■ TASK TO CARRY OUT ■
Given the entries below, would you transcribe exactly the lines starting at the one with "Hello everyone, welcome" and ending at the one with "You'll see the", both kept, pictures omitted, nothing extra?

■ MATERIAL TO PROCESS ■
* * *

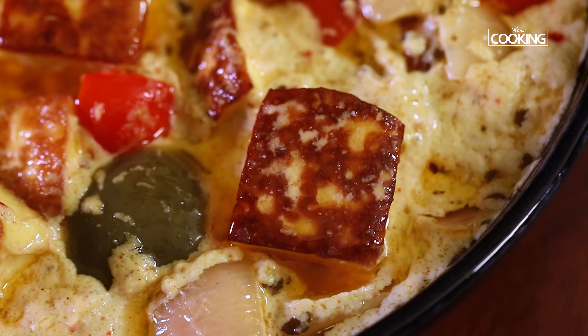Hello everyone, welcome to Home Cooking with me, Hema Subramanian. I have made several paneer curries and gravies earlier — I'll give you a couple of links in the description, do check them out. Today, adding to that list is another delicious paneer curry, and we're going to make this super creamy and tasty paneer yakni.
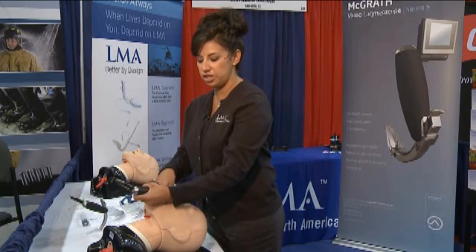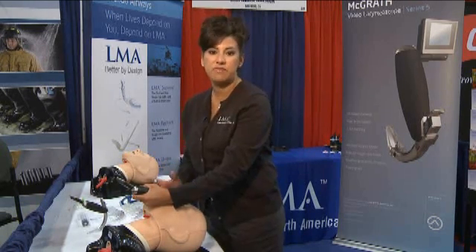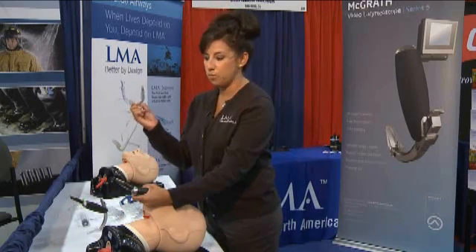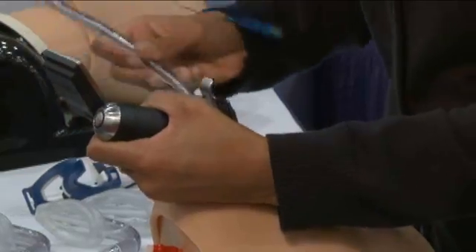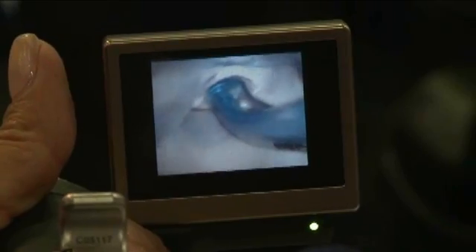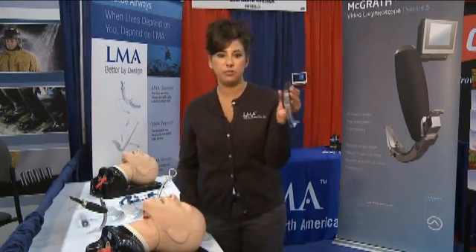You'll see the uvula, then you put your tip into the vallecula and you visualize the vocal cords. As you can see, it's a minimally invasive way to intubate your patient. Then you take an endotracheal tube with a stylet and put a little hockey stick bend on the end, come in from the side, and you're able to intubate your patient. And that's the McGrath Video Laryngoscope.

* * *

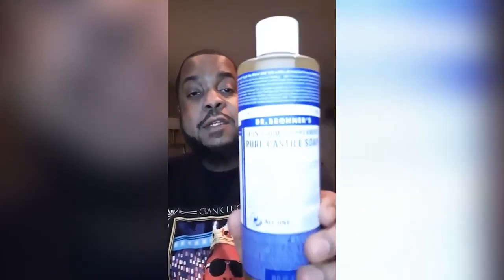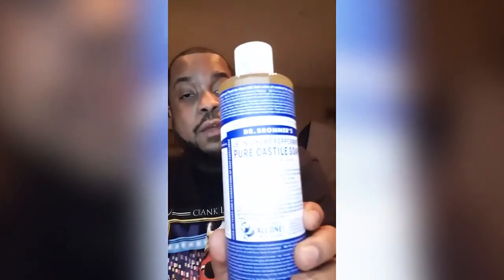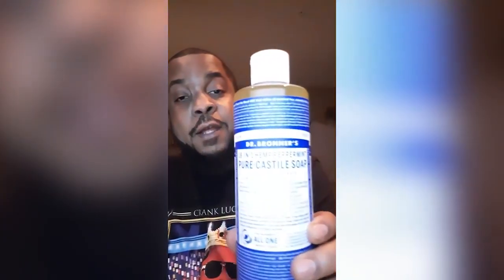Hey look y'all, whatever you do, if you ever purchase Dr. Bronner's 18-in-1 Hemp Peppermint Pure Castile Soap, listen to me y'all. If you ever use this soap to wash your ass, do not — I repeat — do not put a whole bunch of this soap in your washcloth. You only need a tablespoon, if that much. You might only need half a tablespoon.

* * *

■ OUTPUT FOR THIS TASK ■
Hello everyone, welcome to Home Cooking with me, Hema Subramanian. I have made several paneer curries and gravies earlier — I'll give you a couple of links in the description, do check them out. Today, adding to that list is another delicious paneer curry, and we're going to make this super creamy and tasty paneer yakni.
You'll see the uvula, then you put your tip into the vallecula and you visualize the vocal cords. As you can see, it's a minimally invasive way to intubate your patient. Then you take an endotracheal tube with a stylet and put a little hockey stick bend on the end, come in from the side, and you're able to intubate your patient. And that's the McGrath Video Laryngoscope.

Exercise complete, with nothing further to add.